3.3.10.5.2. Dauphiné twins of $[\alpha]$ -quartz

| top | pdf |

For this merohedral twin (eigensymmetry 32) a real parent phase , hexagonal $[\beta]$ -quartz (622), exists. The structural relation between the two Dauphiné twin partners of $[\alpha]$ -quartz is best seen in projection along [001], as shown in Fig. 3.3.10.7 and in Figure 3 of McLaren & Phakey (1966), assuming a fault vector $[{\bf f} = {\bf 0}]$ in both cases. These figures reveal that only small deformations occur upon passing from one twin domain to the other, irrespective of the orientation of the boundary. This is in agreement with the general observation that Dauphiné boundaries are usually irregular and curved and can adopt any orientation. The electron microscopy study of Dauphiné boundaries by McLaren & Phakey confirms the fault vector $[{\bf f} = {\bf 0}]$ . It is noteworthy that the two models of the boundary structure by Klassen-Neklyudova (1964) and McLaren & Phakey (1966) imply a slab with the $[\beta]$ -quartz structure in the centre of the transition zone (Fig. 3.3.10.7b). This is in agreement with the assumption voiced by several authors, first by Aminoff & Broomé (1931), that the central zone of a twin interface often exhibits the structure of a different (real or hypothetical) polymorph of the crystal.

Figure 3.3.10.7 | top | pdf |

Simplified structural model of a $[\{10{\bar 1}0\}]$ Dauphiné twin boundary in quartz (after Klassen-Neklyudova, 1964). Only Si atoms are shown. (a) Arrangement of Si atoms in the low-temperature structure of quartz viewed along the trigonal axis [001]. (b) Model of the Dauphiné twin boundary C–D. Note the opposite orientation of the three electrical axes shown in the upper left and lower right corner of part (b). In this model, the structural slab centred along the twin boundary has the structure of the hexagonal high-temperature phase of quartz which is shown in (c).

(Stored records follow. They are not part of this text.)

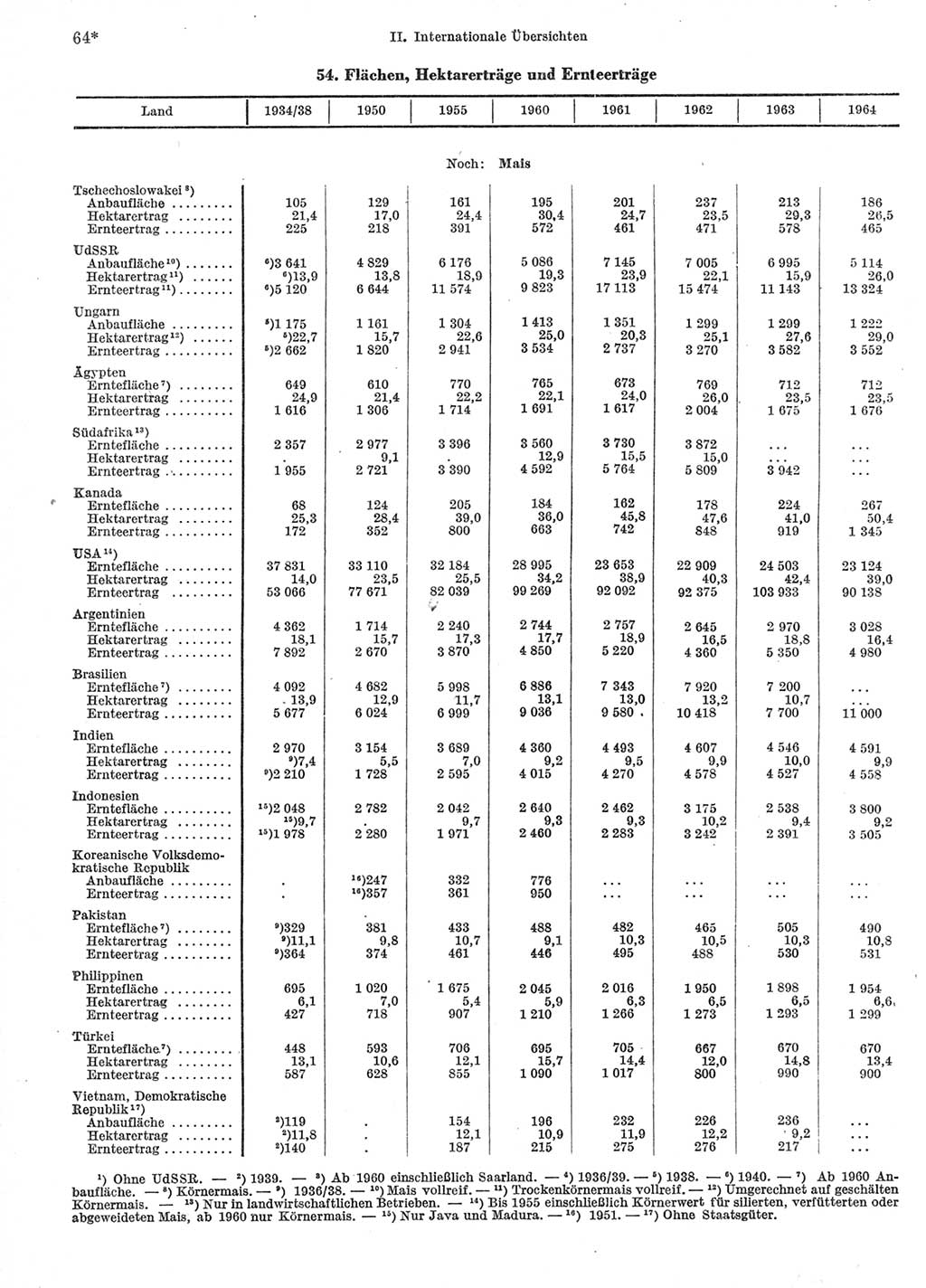 Statistisches Jahrbuch der Deutschen Demokratischen Republik (DDR) 1966, Seite 64 (Stat. Jb. DDR 1966, S. 64)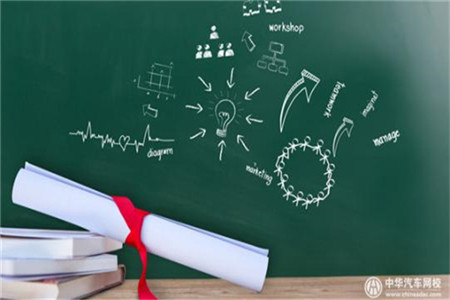 深圳自考正确的刷题姿势是什么?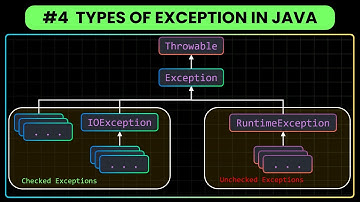 Types of Exception In Java | Checked Exceptions vs Unchecked Exceptions In Java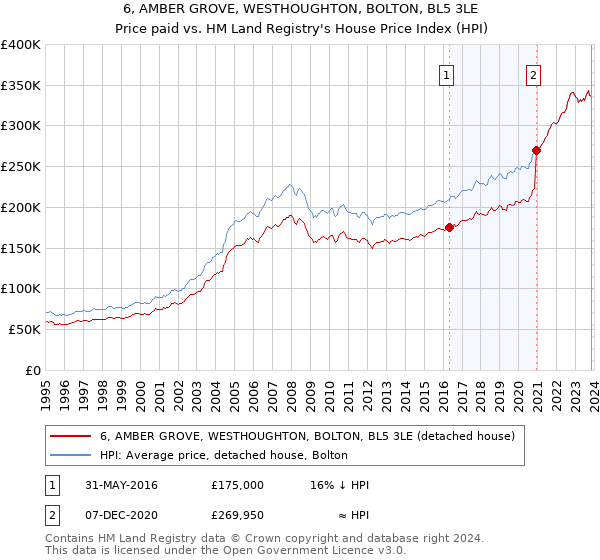 6, AMBER GROVE, WESTHOUGHTON, BOLTON, BL5 3LE: Price paid vs HM Land Registry's House Price Index
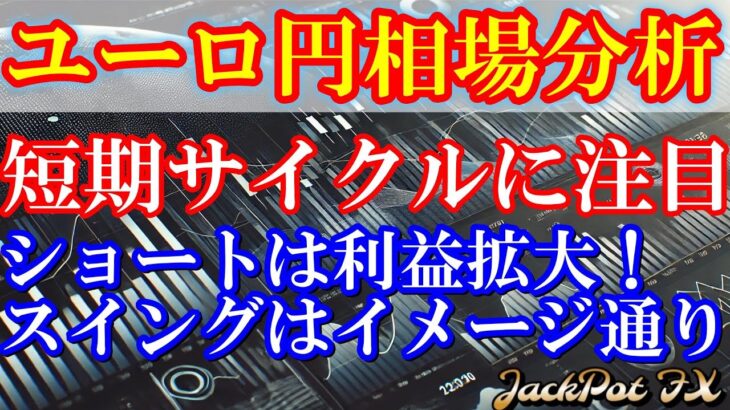 【FX】ユーロ円　短期サイクルの時間帯に注目！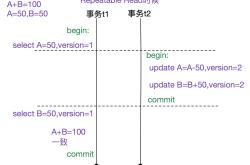 详解MySQL多版本并发控制机制(MVCC)源码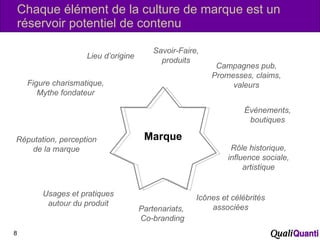 Chaque élément de la culture de marque est un réservoir potentiel de contenu Figure charismatique, Mythe fondateur Marque Savoir-Faire, produits Campagnes pub, Promesses, claims, valeurs Rôle historique, influence sociale, artistique Icônes et célébrités associées Réputation, perception de la marque Événements, boutiques Lieu d’origine Usages et pratiques autour du produit Partenariats,  Co-branding 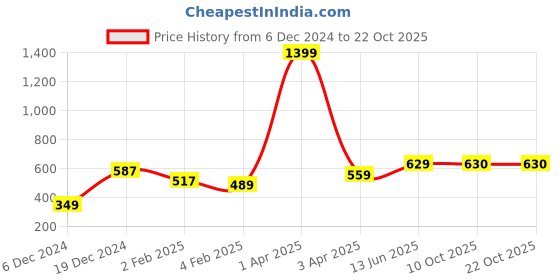 myntra.com Huetrap Women White Printed Round Neck T-shirt huetrap Price History Graph from 6 Dec 2024 to 21 Oct 2025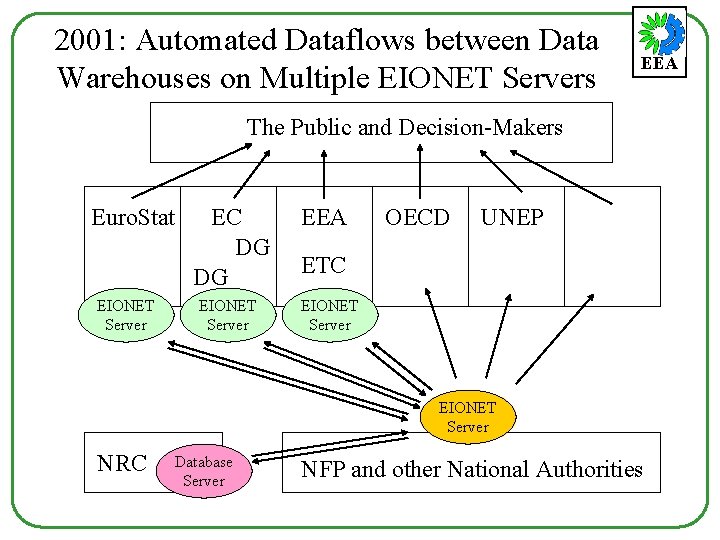 2001: Automated Dataflows between Data Warehouses on Multiple EIONET Servers EEA The Public and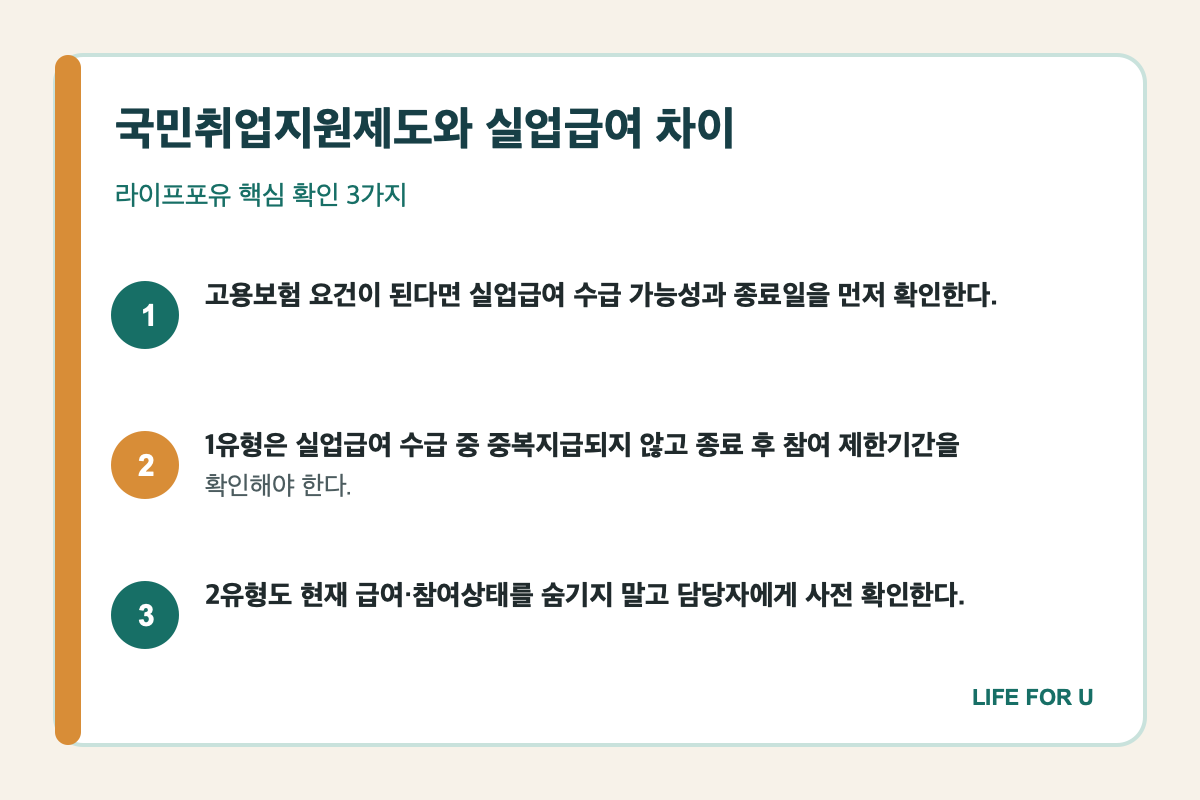 국민취업지원제도와 실업급여 대상 수당 중복 신청순서 비교표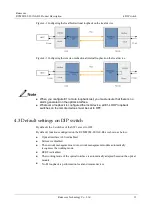 Preview for 18 page of Raisecom RCMS2902-2E1GE-BL Product Description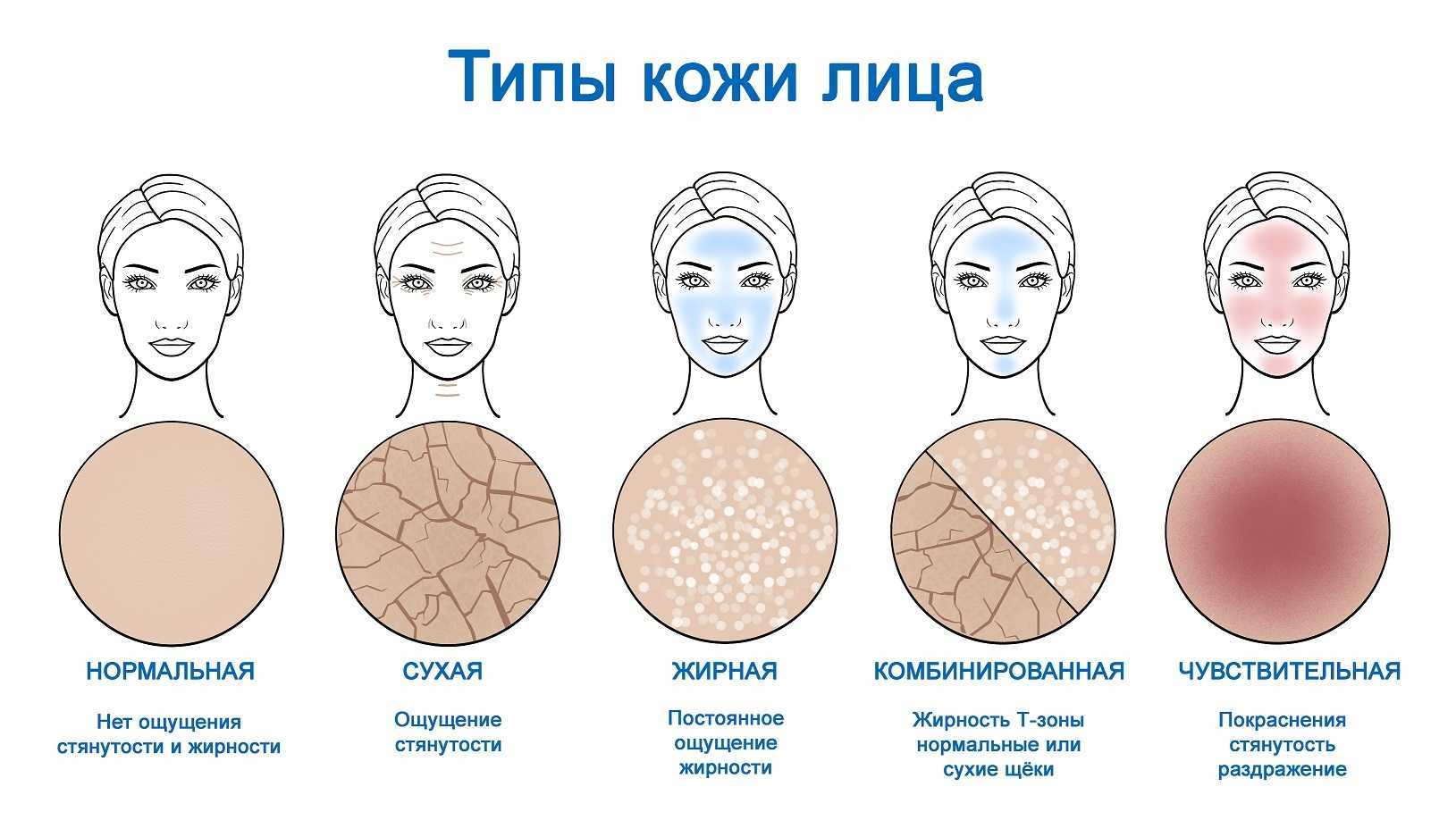 Волосы смешанного типа - уход и косметика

There are, however, X-ray topographic studies by Lang (1967 a,b) and Lang & Miuskov (1969) which show that curved Dauphiné boundaries may be fine-stepped on a scale of a few tens of microns and exhibit a pronounced change of the X-ray topographic contrast of one and the same boundary from strong to zero (invisibility), depending on the boundary orientation. This observation indicates a change of the fault vector with the boundary orientation. It is in contradiction to the electron microscopy results of McLaren & Phakey (1966) and requires further experimental elucidation.

3.3.10.5.3. Potassium lithium sulfate, KLiSO₄

| top | pdf |

The room-temperature phase of KLiSO₄ is hexagonal with space group [P6_3] . It forms a `stuffed' tridymite structure, consisting of a framework of alternating SO₄ and LiO₄ tetrahedra with the K ions `stuffed' into the framework cavities. Crystals grown from aqueous solutions exhibit merohedral growth twins with twin reflection planes $[\{10{\bar 1}0\}]$ (alternatively $[\{11{\bar 2}0\}]$ ) with extended and sharply defined (0001) twin boundaries. The twins consist of left- and right-handed partners with the same polarity. The left- and right-handed structures, projected along the polar hexagonal c axis, are shown in Figs. 3.3.10.8(a) and (b) (Klapper et al., 1987). The tetrahedra of the two tetrahedral layers within one translation period c are in a staggered orientation. A model of the twin boundary is shown in Fig. 3.3.10.8(c): the tetrahedra on both sides of the twin interface (0001), parallel to the plane of the figure, now adopt an eclipsed position, leading to an uninterrupted framework and a conformation change in second coordination across the interface. It is immediately obvious that this (0001) interface permits an excellent low-energy fit of the two partner structures. Note that all six (alternative) twin reflection planes $[\{10{\bar 1}0\}]$ and $[\{11{\bar 2}0\}]$ are normal to the twin boundary. It is not possible to establish a similar low-energy structural model of a boundary which is parallel to one of these twin mirror planes (Klapper et al., 1987).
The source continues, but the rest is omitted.